Do śmierci poszukiwanego listem gończym Andrzeja I. nie przyczyniły się osoby trzecie — tak wynika ze wstępnych ustaleń Prokuratury Regionalnej w Lublinie. Prokuratura badała sprawę po doniesieniach o śmierci przedsiębiorcy, od którego Ministerstwo Zdrowia kupowało respiratory.
CZYTAJ: Bohater „afery respiratorowej” nie żyje? Prokuratura weryfikuje informacje
W ubiegłym tygodniu posłowie KO Dariusz Joński i Michał Szczerba poinformowali, że otrzymali od Komendanta Głównego Policji pismo, informujące o śmierci Andrzeja I. w Albanii. Następnie ciało, według niepotwierdzonych doniesień, miało zostać sprowadzone do Polski, tutaj skremowane i pochowane.
– Wciąż badamy tę sprawę – mówi rzecznik Prokuratury Regionalnej w Lublinie, prokurator Karol Blajerski. – Aktualnie przesłuchiwani są świadkowie i gromadzony jest pozostały materiał dowodowy mający znaczenie dla śledztwa. Gdy zostaną poczynione ustalenia, w stosownym czasie opinia publiczna zostanie o tym poinformowana w drodze komunikatu.

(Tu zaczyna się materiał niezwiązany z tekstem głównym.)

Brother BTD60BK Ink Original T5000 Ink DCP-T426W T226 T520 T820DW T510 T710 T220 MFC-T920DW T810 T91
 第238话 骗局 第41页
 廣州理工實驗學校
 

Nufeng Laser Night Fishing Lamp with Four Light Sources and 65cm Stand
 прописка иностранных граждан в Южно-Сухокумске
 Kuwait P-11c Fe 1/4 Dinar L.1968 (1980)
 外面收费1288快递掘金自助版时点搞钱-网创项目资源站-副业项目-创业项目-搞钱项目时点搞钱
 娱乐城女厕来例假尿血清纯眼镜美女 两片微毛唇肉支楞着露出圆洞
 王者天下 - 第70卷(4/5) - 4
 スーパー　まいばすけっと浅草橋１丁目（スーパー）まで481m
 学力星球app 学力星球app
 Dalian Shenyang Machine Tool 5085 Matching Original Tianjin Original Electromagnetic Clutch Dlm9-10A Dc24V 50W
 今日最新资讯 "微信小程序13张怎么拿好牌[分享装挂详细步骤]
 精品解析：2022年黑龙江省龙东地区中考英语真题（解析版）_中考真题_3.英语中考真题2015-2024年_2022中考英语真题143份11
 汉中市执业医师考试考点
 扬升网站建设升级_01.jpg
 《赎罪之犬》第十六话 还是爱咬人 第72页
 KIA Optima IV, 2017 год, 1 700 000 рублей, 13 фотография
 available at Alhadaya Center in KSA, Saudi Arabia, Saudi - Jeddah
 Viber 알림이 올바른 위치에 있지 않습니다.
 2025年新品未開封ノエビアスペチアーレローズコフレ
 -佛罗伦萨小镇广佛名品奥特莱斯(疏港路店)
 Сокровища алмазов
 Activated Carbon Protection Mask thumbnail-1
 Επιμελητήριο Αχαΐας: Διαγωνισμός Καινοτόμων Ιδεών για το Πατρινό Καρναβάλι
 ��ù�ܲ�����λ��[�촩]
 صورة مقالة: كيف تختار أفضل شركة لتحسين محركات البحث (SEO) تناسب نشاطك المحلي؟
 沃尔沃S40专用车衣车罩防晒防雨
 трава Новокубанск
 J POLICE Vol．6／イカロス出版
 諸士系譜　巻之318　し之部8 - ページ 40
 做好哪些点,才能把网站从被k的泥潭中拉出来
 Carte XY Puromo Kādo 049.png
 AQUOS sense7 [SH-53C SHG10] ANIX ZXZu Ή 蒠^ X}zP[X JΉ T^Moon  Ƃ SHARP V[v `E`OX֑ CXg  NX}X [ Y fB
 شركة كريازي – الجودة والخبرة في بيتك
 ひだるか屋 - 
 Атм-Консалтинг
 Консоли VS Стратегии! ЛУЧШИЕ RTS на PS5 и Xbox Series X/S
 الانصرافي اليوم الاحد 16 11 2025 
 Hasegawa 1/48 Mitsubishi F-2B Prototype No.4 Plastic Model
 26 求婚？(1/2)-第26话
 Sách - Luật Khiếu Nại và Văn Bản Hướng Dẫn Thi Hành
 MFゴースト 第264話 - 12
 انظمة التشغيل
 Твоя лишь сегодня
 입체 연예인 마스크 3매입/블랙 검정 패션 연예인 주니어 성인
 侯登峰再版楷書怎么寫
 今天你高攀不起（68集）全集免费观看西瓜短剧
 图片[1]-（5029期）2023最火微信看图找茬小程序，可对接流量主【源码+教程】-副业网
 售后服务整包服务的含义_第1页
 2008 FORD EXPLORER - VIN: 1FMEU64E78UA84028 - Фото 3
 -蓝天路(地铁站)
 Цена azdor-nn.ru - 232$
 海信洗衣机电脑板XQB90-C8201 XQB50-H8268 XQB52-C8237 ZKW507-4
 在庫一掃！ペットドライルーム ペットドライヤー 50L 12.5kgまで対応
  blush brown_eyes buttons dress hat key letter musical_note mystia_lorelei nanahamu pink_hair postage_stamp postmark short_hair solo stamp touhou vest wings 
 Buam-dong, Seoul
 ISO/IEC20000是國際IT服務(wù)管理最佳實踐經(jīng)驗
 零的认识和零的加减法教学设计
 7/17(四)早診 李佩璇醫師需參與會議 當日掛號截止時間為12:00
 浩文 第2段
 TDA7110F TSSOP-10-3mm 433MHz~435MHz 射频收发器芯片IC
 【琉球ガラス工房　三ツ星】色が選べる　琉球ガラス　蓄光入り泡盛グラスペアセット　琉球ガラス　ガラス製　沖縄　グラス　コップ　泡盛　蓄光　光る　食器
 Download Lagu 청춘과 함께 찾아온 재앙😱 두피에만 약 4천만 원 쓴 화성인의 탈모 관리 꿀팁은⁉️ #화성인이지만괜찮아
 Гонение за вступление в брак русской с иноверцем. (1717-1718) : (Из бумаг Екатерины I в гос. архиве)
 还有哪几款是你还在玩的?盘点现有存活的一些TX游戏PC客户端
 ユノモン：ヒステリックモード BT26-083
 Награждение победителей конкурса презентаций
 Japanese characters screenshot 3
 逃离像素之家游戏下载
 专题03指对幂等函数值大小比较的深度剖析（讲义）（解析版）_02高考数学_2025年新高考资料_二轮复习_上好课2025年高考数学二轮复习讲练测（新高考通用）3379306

Na chwilę obecną z uwagi na dobro postępowania, szczegóły dotyczące czynności wykonanych i zaplanowanych powinny pozostać objęte tajemnicą postępowania. Na tę chwilę mogę powiedzieć, że skierowano wniosek do Republiki Albanii, służący pozyskaniu dokumentacji dotyczącej zgonu pana Andrzeja I.
Andrzej I., prezes lubelskiej spółki E&K, nie dotrzymał zawartej w 2020 roku umowy z Ministerstwem Zdrowia. Z zakupionych 1 240 respiratorów do szpitali trafiło tylko 200 niekompletnych urządzeń.